Task instructions
Copy the listing exactly, please, and keep every picture out of it.

Input data
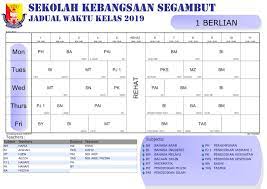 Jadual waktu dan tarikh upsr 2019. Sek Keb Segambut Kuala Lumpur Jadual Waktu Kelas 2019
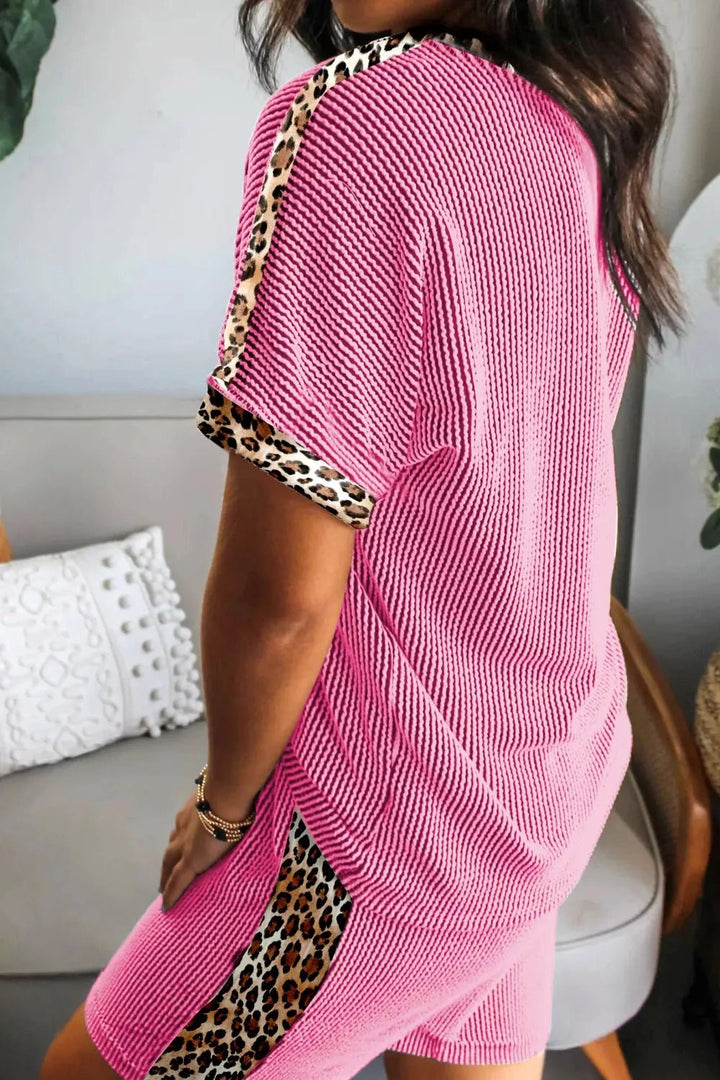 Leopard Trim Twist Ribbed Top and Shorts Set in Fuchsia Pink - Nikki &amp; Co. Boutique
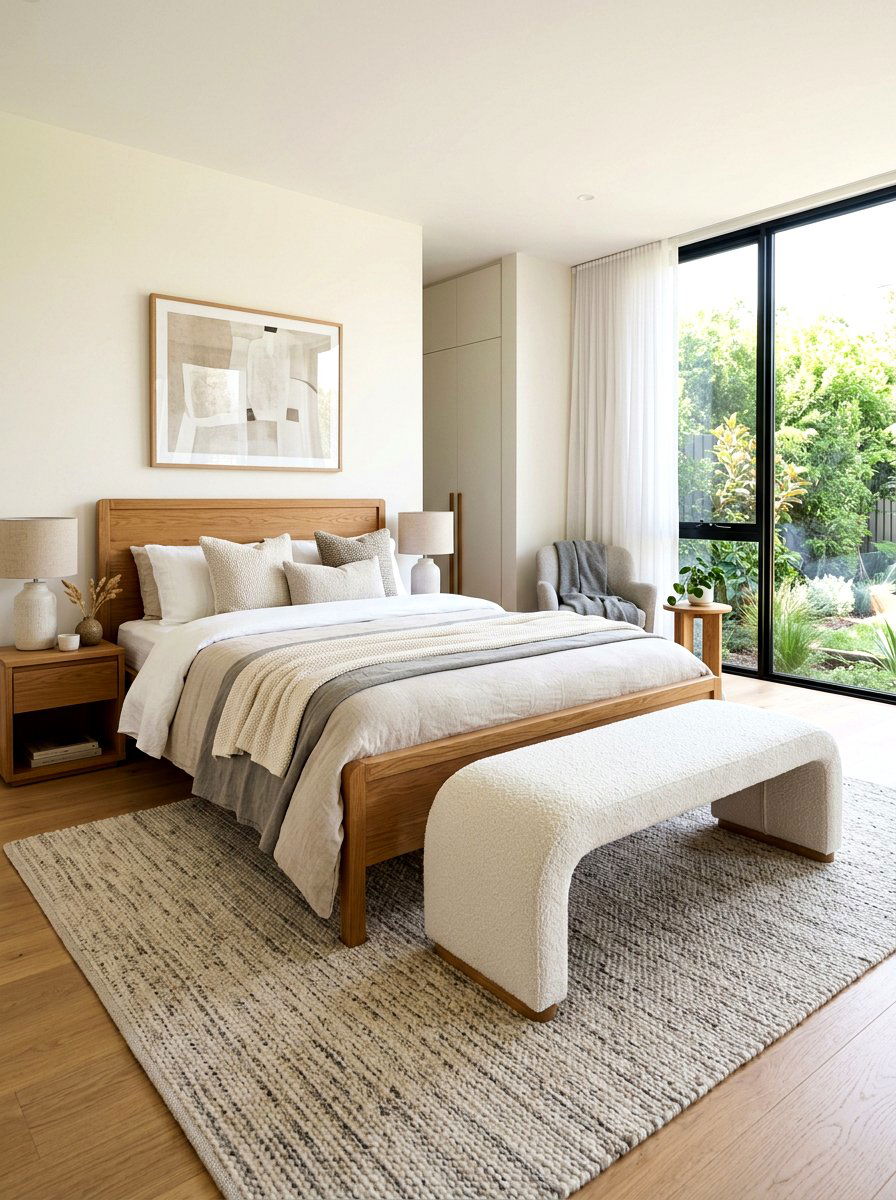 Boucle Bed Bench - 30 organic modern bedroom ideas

Task output
 Jadual waktu dan tarikh upsr 2019. Sek Keb Segambut Kuala Lumpur Jadual Waktu Kelas 2019
 Leopard Trim Twist Ribbed Top and Shorts Set in Fuchsia Pink - Nikki &amp; Co. Boutique
 Boucle Bed Bench - 30 organic modern bedroom ideas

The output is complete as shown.